▶ _Exercise_
Every record below, from first to last: print it exactly as shown.

▶ _Input records_

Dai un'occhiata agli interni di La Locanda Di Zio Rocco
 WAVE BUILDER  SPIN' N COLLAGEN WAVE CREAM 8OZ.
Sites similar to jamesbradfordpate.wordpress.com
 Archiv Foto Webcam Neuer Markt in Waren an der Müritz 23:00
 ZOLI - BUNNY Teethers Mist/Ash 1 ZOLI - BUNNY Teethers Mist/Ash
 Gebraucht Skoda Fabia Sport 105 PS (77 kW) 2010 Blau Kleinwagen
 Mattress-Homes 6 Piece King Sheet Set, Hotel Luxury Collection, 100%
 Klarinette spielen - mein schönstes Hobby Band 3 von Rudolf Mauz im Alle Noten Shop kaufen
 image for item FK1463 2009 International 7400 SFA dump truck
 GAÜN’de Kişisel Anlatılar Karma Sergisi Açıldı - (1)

▶ _Solution to the exercise_
Dai un'occhiata agli interni di La Locanda Di Zio Rocco
 WAVE BUILDER  SPIN' N COLLAGEN WAVE CREAM 8OZ.
Sites similar to jamesbradfordpate.wordpress.com
 Archiv Foto Webcam Neuer Markt in Waren an der Müritz 23:00
 ZOLI - BUNNY Teethers Mist/Ash 1 ZOLI - BUNNY Teethers Mist/Ash
 Gebraucht Skoda Fabia Sport 105 PS (77 kW) 2010 Blau Kleinwagen
 Mattress-Homes 6 Piece King Sheet Set, Hotel Luxury Collection, 100%
 Klarinette spielen - mein schönstes Hobby Band 3 von Rudolf Mauz im Alle Noten Shop kaufen
 image for item FK1463 2009 International 7400 SFA dump truck
 GAÜN’de Kişisel Anlatılar Karma Sergisi Açıldı - (1)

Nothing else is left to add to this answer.